Would more vaccinated people stop the Delta variant?

With the original COVID-19 coronavirus, my understanding was that there was a level of vaccine coverage less than 100% that would achieve herd immunity, i.e. the reproduction number would be driven below unity.

Is this still the case with the Delta variant? It appears to be quite a bit more contagious among the vaccinated and unvaccinated. Is there still a level of vaccine coverage that would be expected to drive the Delta variant’s reproduction number below unity?

Of course; it’s just a higher percentage that’s needed.

If a disease has an R0 of 4 (i.e., in a naive population, each infected person would infect on average four more), you’d need over 75% vaccinated: Only 1/4 of the people would be susceptible, so the R number goes down by a factor of 4, which takes it to 1. If the R0 is 10, then you need 90% vaccinated, because 10% unvaccinated times 10 is 1. If R0 is a thousand, then you’d need 99.9% vaccinated, and so on.

Stop it completely? Probably not. Mitigate it to a very great extent? Certainly. Chronos has all the nerdnic (sorry, reading the latest Skippy book and couldn’t resist :wink: ) reasons there, but you can see this play out in countries that have lower vaccination rates verse those with higher vaccination rates, especially when you factor in that most infections currently happening are from the unvaccinated by a large percentage.

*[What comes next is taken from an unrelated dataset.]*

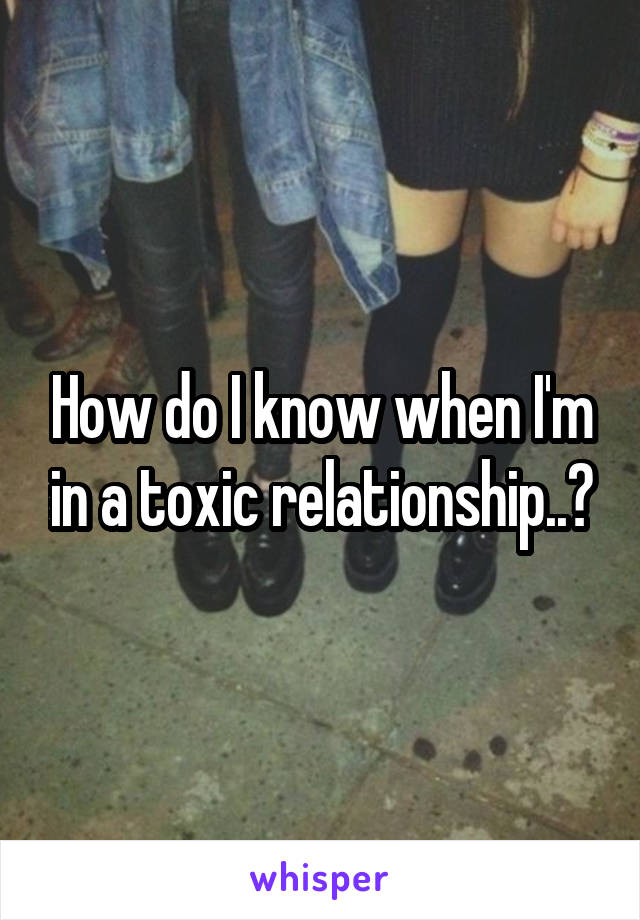 How do I know when I'm in a toxic relationship..?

Here in New Zealand, we have 1st dose vaccinations of 95%, and 2nd dose vaccinations at ~92%.

With other measures (vaccine passports for many businesses, mandatory masking on public transport), Reff for Delta in the community is below one, and has been below one for a couple of weeks. Based on that trend, we would have no community spread by mid-January. Of course, this is helped by it being summer and schools are out for the break, and we have excessively high UV levels. By the same token, people are spreading out around the country, particularly from Auckland where has had both the longest period of restrictions and the majority of community cases.

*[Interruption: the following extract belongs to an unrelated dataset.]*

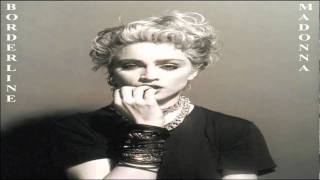 Madonna Borderline Dub [upl. by Eniamert]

We do not yet have circulating Omicron (there are cases in MIQ, and we can expect a leak eventually). The govt has moved booster shots to 4 months from 2nd dose, so that the majority of the population can get a booster in January, along with 5 - 12 year olds. If we can prevent Omicron in the community till (at least) then, then everyone will have had a happy summer, and be in the best position to handle Omicron if it is still an issue.

Widespread vaccination would help considerably to slow things down. This would reduce the effect of exposure, severity, and health system burden. It would not stop every case, and it will not stop every future variant. Some people have valid reasons not to get vaccinated but many more are, realistically, just not going to do it without stronger measures.